Souriante, Dyelin posa son menton dans sa main.
— Ils croient que c’est moi qui devrais monter sur le trône. Maintenant, que pensez-vous faire au sujet du Dragon Réincarné ? Il est absent depuis quelque temps, mais il peut se matérialiser n’importe quand, semble-t-il.
Elayne ferma les yeux un moment. Quand elle les rouvrit, elle était toujours assise sur l’estrade dans la Salle du Trône, et Dyelin lui souriait encore. Son frère se battait pour Elaida, et son demi-frère faisait partie des Blancs Manteaux. Elle avait rempli le Palais de femmes qui pouvaient s’opposer d’un instant à l’autre, sans compter que l’une d’elles était une Amie du Ténébreux, peut-être même une Sœur Noire. Et la menace la plus sérieuse qu’elle affrontait, en revendiquant le trône, venait d’une femme affirmant qu’elle soutenait Elayne. Le monde était complètement fou. Autant y ajouter sa folie.
— J’ai l’intention d’en faire mon Lige, dit-elle.
Elle poursuivit, sans donner à Dyelin le temps de ciller :
— Et j’espère aussi l’épouser. Mais cela n’a rien à faire avec le Trône du Soleil. La toute première chose que je veux faire…
À mesure qu’elle continuait, Dyelin riait de plus en plus fort. Elayne aurait bien voulu savoir si c’était de plaisir ou parce qu’elle voyait s’aplanir le chemin menant au Trône du Lion. Au mois, elle savait à quoi s’en tenir maintenant.

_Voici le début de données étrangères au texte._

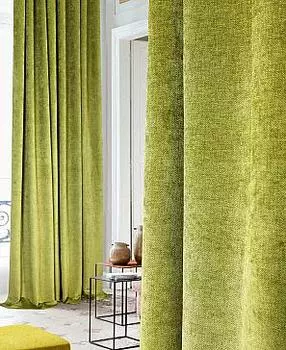 Сторм (лайм)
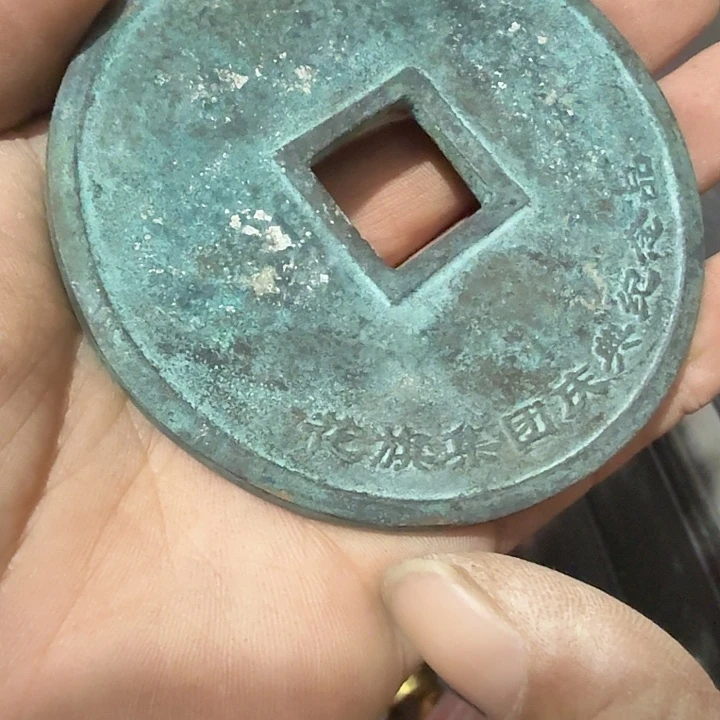 怀***市香榧木故哥哥好哥哥哥哥哈哈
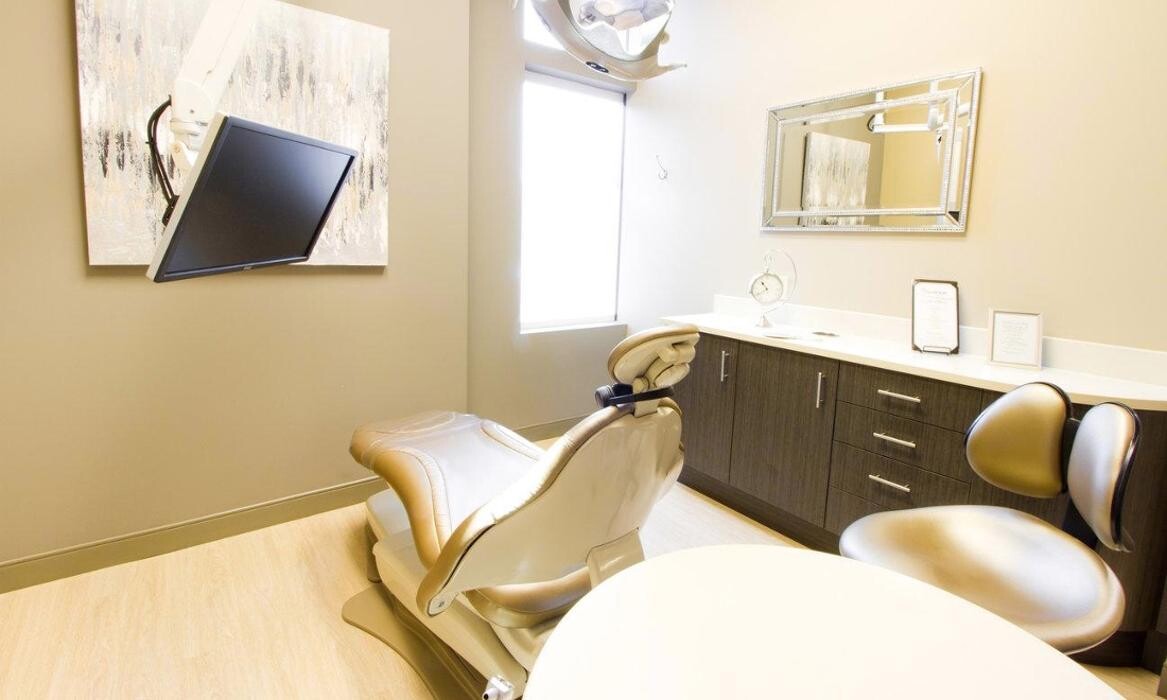 Images Tranquility Dental Wellness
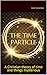 The Time Particle by Terry McIntosh
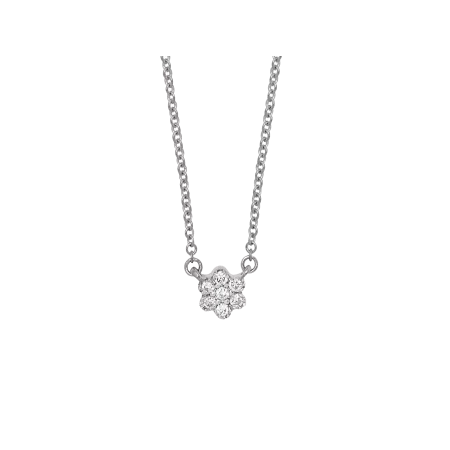 Bijoux Créoles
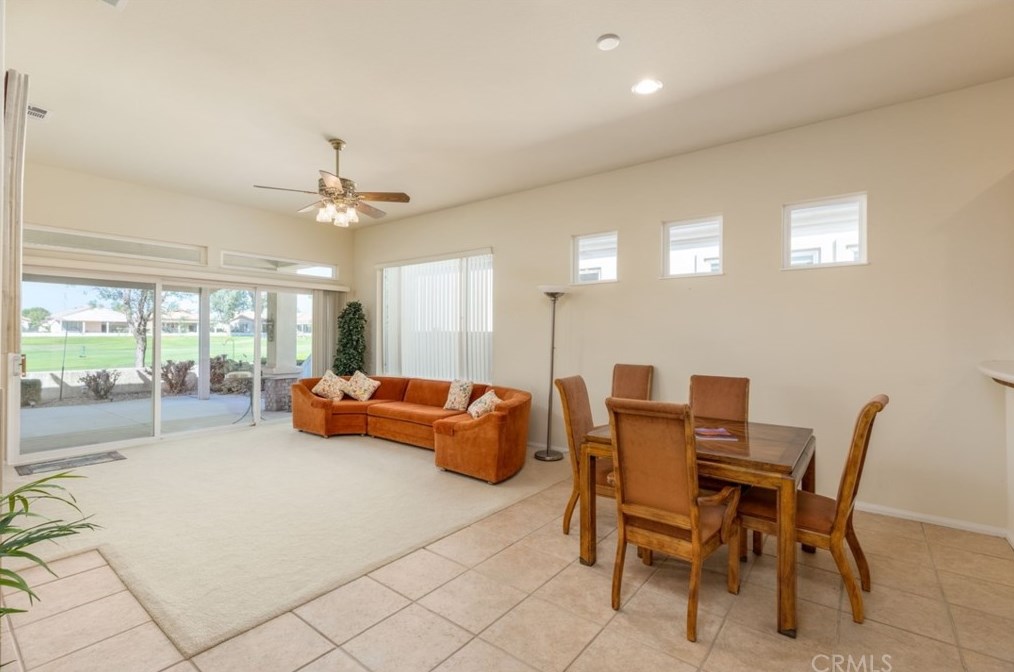 453 Sandpiper St, Banning, CA 92220-5277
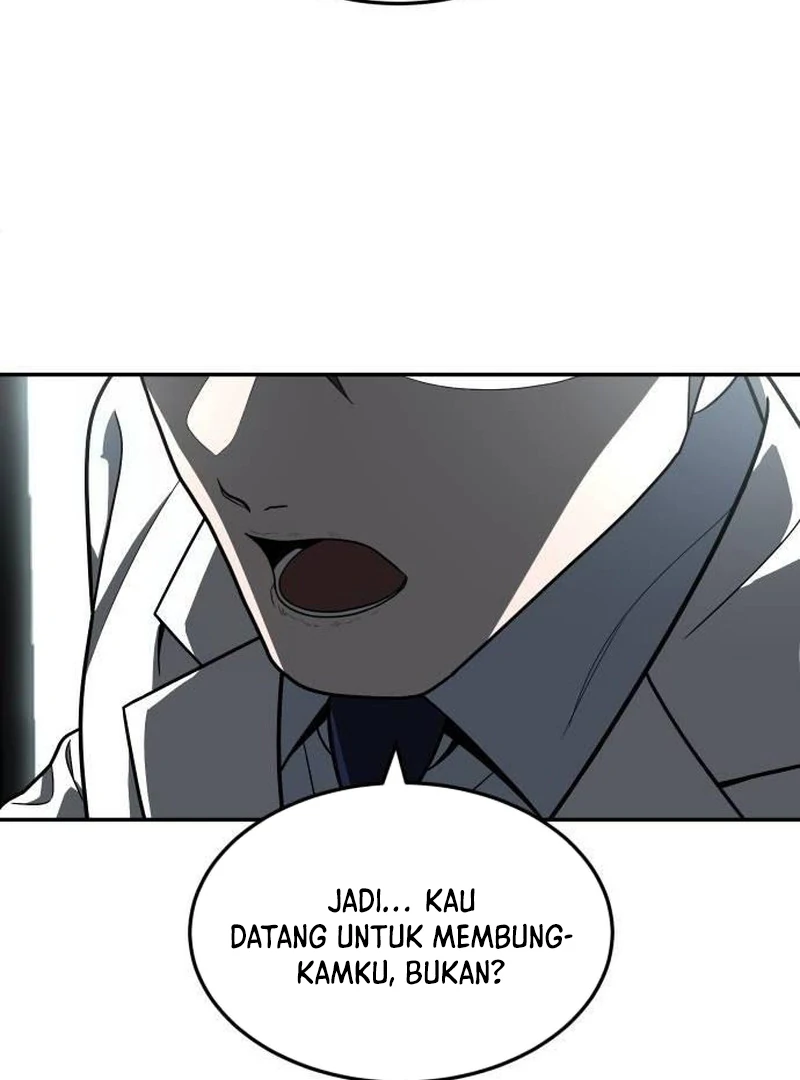 Chapter 44 - halaman 125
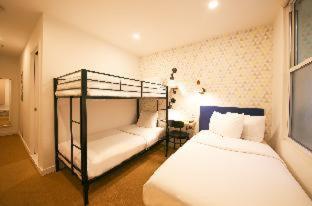 Doxie Hotel : photo 1 de la chambre room #5789909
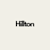 Hillton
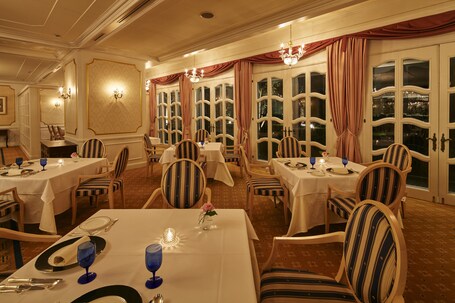 Grand Prince Hotel Takanawa - Image 157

Entrant dans Caemlyn à cheval, Daved Hanlon ne put s’empêcher de penser à ce que rapporterait le pillage de cette cité. Au cours de sa vie militaire, il avait vu bien des villages et des villes pillés, dont, une fois, vingt ans plus tôt, Cairhien après le départ des Aiels. Il était étrange que ces Aiels n’aient apparemment pas touché à Caemlyn. Si les plus hautes tours de Cairhien n’avaient pas été incendiées, il aurait été difficile de savoir qu’ils y étaient venus. De l’or à profusion, entre autres choses, attendait qu’on le ramasse, et de nombreux hommes étaient disponibles pour procéder à la récolte. Il voyait ces larges rues pleines de cavaliers et de fuyards, de marchands opulents qui auraient donné tout leur or pour qu’on les épargne, de minces jeunes filles et des femmes potelées si apeurées qu’elles n’auraient même pas eu la force de gémir, et encore moins de se débattre. Il avait vécu ces scènes, et il espérait les revivre. Mais pas à Caemlyn, s’avoua-t-il en soupirant. S’il avait pu désobéir aux ordres qui l’avaient mené là, il aurait recherché une ville moins riche, mais plus facile à piller.

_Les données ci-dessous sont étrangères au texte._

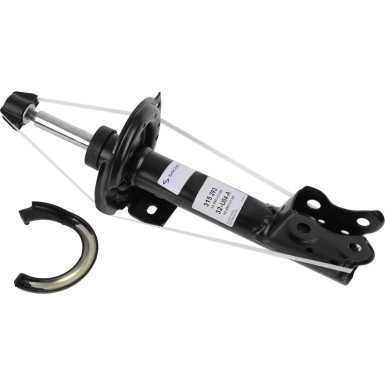 SACHS Stoßdämpfer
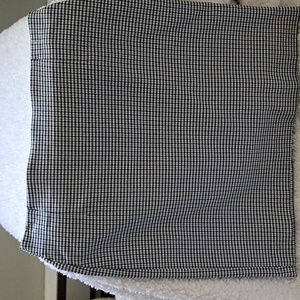 Brand New Dynamite Mini skirt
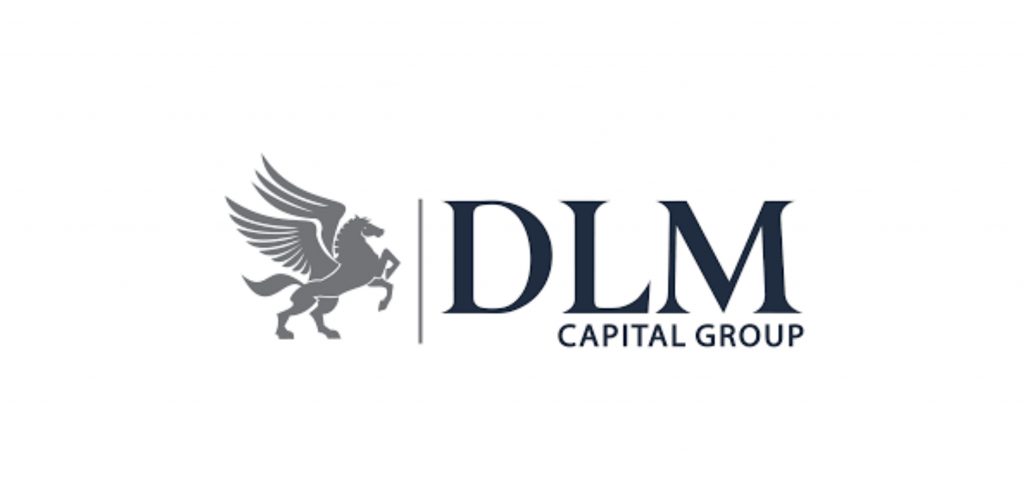 DLM Capital Group Retains Position As Best Structured Finance And Securitization Team In West Africa-marketingspace.com.ng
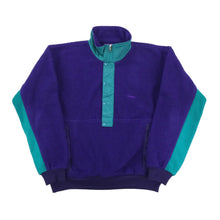 Load image into Gallery viewer, Patagonia 90s Fleece Jumper - Small-PATAGONIA-olesstore-vintage-secondhand-shop-austria-österreich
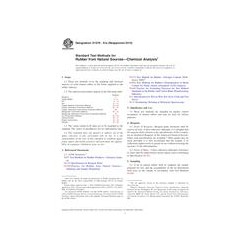ASTM D1278-91a(2015)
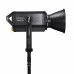 Осветитель светодиодный Godox Knowled M600Bi студийный Осветитель светодиодный Godox Knowled M600Bi студийный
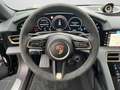 Porsche Taycan Sport Turismo Sport Chrono,BOSE,Pano.,Pri Schwarz - thumbnail 10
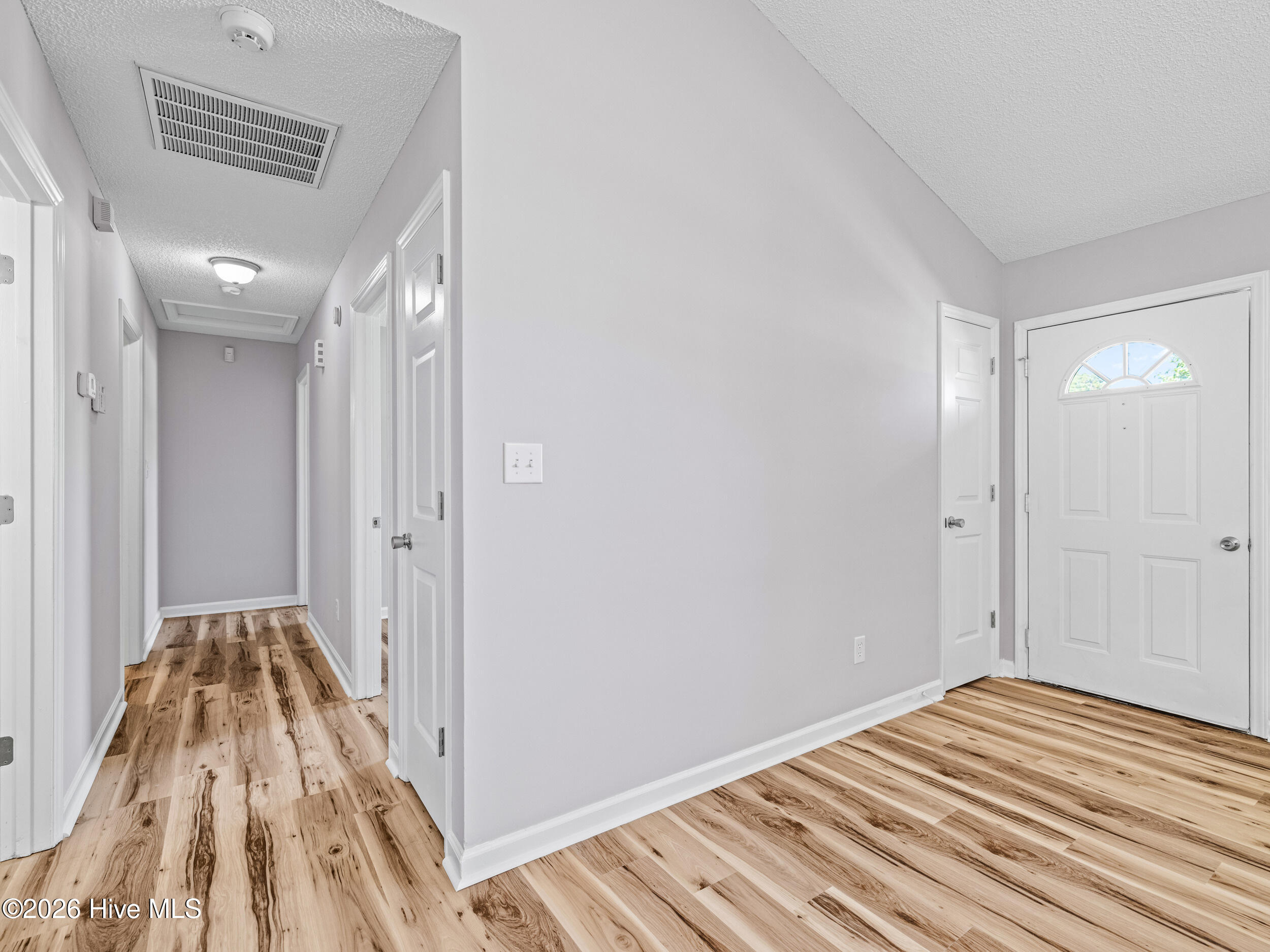 205 Inman Court
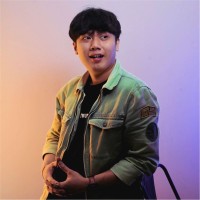 LOKi Employee Eric Lee's profile photo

Ses instructions étaient claires. Il déposa son cheval à l’écurie du Taureau Rouge, dans la Cité Neuve, et parcourut à pied le mile le séparant d’une haute maison en pierre, la demeure d’un riche marchand qui ne faisait pas étalage de son or. Il la reconnut grâce au dessin peint sur la porte, représentant un cœur rouge dans une main d’or. Le costaud qui le fit entrer n’était pas un domestique, avec ses articulations noueuses et ses yeux mornes. Sans un mot, le géant le précéda dans les profondeurs de la maison, puis ils descendirent dans les caves. Hanlon remua son épée dans son fourreau. Il avait vu au cours de son existence des hommes et des femmes dégénérés qui étaient allés d’eux-mêmes à leur exécution. Il ne se considérait pas comme un demeuré. Il n’avait cependant pas très bien réussi. Il avait obéi aux ordres. Cela ne suffisait pas toujours.